§ Work required
Please copy every line of the data in which the string "Package" appears.

§ Information
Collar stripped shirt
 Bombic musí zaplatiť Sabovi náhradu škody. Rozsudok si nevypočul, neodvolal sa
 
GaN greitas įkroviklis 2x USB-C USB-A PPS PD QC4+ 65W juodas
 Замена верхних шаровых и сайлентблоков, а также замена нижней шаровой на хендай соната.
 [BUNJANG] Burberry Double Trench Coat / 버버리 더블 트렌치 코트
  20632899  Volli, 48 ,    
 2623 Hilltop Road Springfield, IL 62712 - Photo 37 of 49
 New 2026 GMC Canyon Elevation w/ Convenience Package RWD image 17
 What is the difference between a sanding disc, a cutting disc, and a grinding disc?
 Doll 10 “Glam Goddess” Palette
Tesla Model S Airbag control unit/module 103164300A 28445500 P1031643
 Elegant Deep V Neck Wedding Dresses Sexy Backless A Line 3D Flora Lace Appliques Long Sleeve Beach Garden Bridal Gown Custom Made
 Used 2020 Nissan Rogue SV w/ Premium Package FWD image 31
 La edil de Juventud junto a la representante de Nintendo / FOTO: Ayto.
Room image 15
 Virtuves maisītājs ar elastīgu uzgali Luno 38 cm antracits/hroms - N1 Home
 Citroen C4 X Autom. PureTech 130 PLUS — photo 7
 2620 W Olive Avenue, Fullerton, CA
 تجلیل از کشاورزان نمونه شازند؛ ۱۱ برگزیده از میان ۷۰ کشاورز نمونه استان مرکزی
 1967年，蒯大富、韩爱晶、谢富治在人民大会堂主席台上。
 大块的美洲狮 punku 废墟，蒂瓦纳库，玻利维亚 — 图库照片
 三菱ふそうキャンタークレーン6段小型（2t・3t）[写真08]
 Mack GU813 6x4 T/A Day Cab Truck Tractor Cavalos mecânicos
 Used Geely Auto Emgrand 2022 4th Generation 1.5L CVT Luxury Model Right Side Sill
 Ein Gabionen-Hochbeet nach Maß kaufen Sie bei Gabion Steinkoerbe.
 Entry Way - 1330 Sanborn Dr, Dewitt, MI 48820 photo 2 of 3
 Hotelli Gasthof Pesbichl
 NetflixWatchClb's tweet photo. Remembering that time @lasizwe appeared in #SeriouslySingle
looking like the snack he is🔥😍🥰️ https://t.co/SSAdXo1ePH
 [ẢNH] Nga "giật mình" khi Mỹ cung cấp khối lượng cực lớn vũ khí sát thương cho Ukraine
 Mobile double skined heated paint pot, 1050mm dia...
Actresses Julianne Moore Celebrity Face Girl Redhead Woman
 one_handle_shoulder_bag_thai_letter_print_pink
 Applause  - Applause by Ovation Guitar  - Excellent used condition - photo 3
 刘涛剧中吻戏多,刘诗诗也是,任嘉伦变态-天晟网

§ Finished exercise
 New 2026 GMC Canyon Elevation w/ Convenience Package RWD image 17
 Used 2020 Nissan Rogue SV w/ Premium Package FWD image 31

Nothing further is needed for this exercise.